Context
I am trying to use Spark/Scala in order to "edit" multiple parquet files (potentially 50k+) efficiently. The only edit that needs to be done is deletion (i.e. deleting records/rows) based on a given set of row IDs.
The parquet files are stored in s3 as a partitioned DataFrame where an example partition looks like this:
s3://mybucket/transformed/year=2021/month=11/day=02/*.snappy.parquet
Each partition can have upwards of 100 parquet files that each are between 50mb and 500mb in size.
Inputs
We are given a spark Dataset[MyClass] called filesToModify which has 2 columns:
s3path: String= the complete s3 path to a parquet file in s3 that needs to be editedids: Set[String]= a set of IDs (rows) that need to be deleted in the parquet file located ats3path
Example input dataset filesToModify:
| s3path | ids |
|---|---|
| s3://mybucket/transformed/year=2021/month=11/day=02/part-1.snappy.parquet | Set("a", "b") |
| s3://mybucket/transformed/year=2021/month=11/day=02/part-2.snappy.parquet | Set("b") |
Expected Behaviour
Given filesToModify I want to take advantage of parallelism in Spark do the following for each row:
- Load the parquet file located at
row.s3path - Filter so that we exclude any row whose
idis in the setrow.ids - Count the number of deleted/excluded rows per id in
row.ids(optional) - Save the filtered data back to the same
row.s3pathto overwrite the file - Return the number of deleted rows (optional)
What I have tried
I have tried using filesToModify.map(row => deleteIDs(row.s3path, row.ids)) where deleteIDs is looks like this:
def deleteIDs(s3path: String, ids: Set[String]): Int = {
import spark.implicits._
val data = spark
.read
.parquet(s3path)
.as[DataModel]
val clean = data
.filter(not(col("id").isInCollection(ids)))
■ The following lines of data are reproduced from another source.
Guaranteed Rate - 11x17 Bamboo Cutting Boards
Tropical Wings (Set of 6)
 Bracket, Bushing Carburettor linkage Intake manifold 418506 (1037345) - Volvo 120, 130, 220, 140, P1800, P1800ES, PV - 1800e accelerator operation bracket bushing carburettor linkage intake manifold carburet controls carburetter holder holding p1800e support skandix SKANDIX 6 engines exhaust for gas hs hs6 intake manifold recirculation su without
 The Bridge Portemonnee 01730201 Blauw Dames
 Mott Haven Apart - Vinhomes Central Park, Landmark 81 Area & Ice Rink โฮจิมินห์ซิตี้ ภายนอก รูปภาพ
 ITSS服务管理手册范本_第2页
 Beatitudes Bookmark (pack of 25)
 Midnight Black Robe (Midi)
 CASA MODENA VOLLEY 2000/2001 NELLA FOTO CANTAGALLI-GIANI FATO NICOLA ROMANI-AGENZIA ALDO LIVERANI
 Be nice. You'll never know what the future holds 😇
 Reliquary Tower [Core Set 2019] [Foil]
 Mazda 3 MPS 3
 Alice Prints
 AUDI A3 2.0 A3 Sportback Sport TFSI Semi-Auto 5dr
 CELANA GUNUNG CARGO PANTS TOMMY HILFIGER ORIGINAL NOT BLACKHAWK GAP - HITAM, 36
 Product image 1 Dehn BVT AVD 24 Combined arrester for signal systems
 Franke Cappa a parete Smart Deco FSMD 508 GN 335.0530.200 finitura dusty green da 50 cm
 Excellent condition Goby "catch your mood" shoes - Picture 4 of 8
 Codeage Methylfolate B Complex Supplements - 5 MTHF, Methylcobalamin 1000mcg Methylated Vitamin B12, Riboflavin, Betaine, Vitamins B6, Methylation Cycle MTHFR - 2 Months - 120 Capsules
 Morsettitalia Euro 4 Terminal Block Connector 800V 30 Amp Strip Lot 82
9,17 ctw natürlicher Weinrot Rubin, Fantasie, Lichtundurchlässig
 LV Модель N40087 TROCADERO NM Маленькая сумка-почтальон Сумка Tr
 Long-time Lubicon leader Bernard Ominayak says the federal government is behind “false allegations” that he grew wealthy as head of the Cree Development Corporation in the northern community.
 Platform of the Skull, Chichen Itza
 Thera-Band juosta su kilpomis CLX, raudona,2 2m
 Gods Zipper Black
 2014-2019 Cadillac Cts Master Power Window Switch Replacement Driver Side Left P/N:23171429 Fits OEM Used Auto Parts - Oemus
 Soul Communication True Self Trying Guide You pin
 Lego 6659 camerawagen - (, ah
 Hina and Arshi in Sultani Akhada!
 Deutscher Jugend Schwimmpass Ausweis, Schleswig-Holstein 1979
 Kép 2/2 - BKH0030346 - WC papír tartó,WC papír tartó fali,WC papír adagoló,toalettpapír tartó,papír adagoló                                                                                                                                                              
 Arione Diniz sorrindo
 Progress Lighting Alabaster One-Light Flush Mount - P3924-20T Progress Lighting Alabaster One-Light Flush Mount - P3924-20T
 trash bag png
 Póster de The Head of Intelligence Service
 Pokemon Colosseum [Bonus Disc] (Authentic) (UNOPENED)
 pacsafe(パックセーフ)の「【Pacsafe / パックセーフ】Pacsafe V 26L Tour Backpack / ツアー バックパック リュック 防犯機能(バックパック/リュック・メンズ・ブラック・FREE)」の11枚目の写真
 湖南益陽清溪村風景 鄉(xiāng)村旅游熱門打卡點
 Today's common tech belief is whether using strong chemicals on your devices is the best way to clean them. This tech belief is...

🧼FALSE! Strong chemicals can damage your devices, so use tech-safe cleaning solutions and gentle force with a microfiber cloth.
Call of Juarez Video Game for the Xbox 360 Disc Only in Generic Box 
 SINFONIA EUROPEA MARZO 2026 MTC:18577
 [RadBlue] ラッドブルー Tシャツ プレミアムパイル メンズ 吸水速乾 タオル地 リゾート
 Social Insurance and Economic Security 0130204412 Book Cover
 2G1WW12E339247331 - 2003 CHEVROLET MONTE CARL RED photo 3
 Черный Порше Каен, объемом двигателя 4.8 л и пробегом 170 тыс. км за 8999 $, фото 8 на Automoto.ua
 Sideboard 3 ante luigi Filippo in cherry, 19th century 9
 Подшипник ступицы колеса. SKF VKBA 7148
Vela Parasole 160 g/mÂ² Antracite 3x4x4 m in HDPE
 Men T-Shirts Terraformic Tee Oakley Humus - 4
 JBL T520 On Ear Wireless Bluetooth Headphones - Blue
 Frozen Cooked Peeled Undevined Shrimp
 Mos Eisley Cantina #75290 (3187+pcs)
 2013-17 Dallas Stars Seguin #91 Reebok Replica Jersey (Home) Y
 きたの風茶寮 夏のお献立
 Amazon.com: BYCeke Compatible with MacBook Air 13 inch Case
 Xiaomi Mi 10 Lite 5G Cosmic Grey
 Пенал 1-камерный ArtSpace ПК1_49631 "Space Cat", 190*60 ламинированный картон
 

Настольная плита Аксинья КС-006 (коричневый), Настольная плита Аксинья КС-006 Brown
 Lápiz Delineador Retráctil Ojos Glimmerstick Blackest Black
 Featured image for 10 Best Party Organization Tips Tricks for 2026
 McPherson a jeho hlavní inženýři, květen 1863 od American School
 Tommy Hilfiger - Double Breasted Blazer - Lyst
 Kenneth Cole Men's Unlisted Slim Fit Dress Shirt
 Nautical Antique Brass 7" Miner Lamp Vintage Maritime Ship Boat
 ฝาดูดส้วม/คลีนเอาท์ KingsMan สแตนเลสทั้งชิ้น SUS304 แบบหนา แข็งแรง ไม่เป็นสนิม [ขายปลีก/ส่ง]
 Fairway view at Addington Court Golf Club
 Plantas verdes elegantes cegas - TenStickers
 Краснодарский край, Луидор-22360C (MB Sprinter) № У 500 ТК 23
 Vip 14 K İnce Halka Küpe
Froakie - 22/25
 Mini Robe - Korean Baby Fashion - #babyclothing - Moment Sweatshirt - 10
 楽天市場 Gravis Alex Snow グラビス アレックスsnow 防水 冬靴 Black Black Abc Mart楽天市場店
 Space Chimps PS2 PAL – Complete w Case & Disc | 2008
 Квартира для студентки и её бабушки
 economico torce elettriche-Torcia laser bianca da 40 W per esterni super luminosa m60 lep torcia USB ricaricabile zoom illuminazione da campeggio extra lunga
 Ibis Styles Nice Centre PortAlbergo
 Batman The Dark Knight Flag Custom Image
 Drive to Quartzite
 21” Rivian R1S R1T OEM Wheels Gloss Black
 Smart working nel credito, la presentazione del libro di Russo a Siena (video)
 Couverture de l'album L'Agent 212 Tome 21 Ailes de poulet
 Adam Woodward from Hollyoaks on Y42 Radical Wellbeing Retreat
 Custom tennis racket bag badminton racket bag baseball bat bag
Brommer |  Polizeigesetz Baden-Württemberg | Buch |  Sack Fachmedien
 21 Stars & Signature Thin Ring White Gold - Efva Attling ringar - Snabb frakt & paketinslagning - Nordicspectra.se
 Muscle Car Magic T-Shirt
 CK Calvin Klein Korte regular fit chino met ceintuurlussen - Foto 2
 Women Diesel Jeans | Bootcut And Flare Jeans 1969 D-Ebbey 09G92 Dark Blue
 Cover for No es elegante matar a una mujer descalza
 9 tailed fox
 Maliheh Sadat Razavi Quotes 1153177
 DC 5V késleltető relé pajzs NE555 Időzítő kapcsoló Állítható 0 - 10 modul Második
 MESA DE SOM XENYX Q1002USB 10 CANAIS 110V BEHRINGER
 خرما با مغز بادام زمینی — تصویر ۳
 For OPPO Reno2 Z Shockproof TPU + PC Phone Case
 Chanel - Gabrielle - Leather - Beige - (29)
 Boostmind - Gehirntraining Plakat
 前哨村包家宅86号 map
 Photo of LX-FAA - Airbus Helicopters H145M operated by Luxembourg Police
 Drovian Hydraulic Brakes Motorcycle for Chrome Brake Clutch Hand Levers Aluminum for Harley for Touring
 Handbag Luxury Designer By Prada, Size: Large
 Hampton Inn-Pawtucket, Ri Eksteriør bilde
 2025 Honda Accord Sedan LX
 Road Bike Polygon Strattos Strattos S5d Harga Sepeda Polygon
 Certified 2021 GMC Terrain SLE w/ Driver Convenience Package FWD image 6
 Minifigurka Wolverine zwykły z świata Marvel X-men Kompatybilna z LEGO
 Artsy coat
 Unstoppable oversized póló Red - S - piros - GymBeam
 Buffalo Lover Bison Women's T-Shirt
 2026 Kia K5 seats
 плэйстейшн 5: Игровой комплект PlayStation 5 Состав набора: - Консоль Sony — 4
// write to a temp directory and then upload to s3 with same
// prefix as original file to overwrite it
writeToSingleFile(clean, s3path)
1 // dummy output for simplicity (otherwise it should correspond to the number of deleted rows)
}
However this leads to NullPointerException when executed within the map operation. If I execute it alone outside of the map block then it works but I can't understand why it doesn't inside it (something to do with lazy evaluation?).